Sometimes, I Feel Like the World is Moving On Without Me

We’ve all heard stories of literary heroes embarking on extraordinary quests. But what happens when the call to adventure isn’t a dragon to slay but a nonverbal, profoundly autistic adult loved one to care for?

I recently sat down with Skyler’s new case manager to better assess and define the daily in-home support tasks he needs assistance with. We highlighted each of our specific responsibilities related to homemaker-based tasks, (laundry, shopping, meal prep) personal care tasks (teeth brushing, showering, feeding, managing behaviors), ensuring his safety, and all of the endless invisible work in between to determine how many hours of support he requires each week. 

When added up, the number honestly shocked me.
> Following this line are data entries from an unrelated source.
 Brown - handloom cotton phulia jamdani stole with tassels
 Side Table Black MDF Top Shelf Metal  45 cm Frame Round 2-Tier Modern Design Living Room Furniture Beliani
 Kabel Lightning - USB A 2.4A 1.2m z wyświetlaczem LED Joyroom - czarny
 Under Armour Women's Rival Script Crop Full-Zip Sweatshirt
In total, my husband and I spend 88 hours a week caring for Skyler.

That equates to two unpaid, full-time jobs on top of the full-time jobs we both already have. No wonder I often feel overwhelmed, exhausted, and like I’m barely holding things together.

However, that math exercise validated something I’ve always known but couldn’t quite articulate: this life is hard & demanding. 

Caregiving never clocks out. There are no weekends off, no holidays, no sick days. And while my love for my son is unshakable, the reality is that the role of lifelong caregiver can mentally and physically break even the strongest person.

Most people my age are empty nesters with the freedom to plan weekends with friends, vacations, or spontaneous dinners out. While my social life has shrunk down to rarely exist beyond the walls of our home. 

Some days, I feel like the world is moving on without me.

This isn’t about resentment or complaining, it’s about honesty. About naming what so many caregivers quietly carry. Because when we don’t talk about it, the loneliness deepens. And when we do, we find that we’re not as alone as we feel.

If you’re also living this life, I SEE YOU! I know the bone-deep tiredness, the mental load of always being “on,” and the ache of isolation. I also know the fierce love, the resilience, and the strength it takes to show up every single day.

Eighty-eight hours a week may sound like an impossible number—but for us, it’s just life. And by sharing it, maybe others will begin to understand why caregivers so often look tired, why we cancel plans, why we say “no” more than we’d like, and why we desperately need community.

Because behind those 88 hours is love. And behind that love is a person—a mom, a dad, and a human being—who longs for connection too.

Caregiving often begins not with a grand invitation, but with the courage to meet life where it truly unfolds. 

So, while we may not be slaying the proverbial dragon, I want the world to think differently about heroism – shift the focus from grand, visible feats to the quiet, consistent acts of unwavering dedication, empathy and resilience that define the caregiving journey.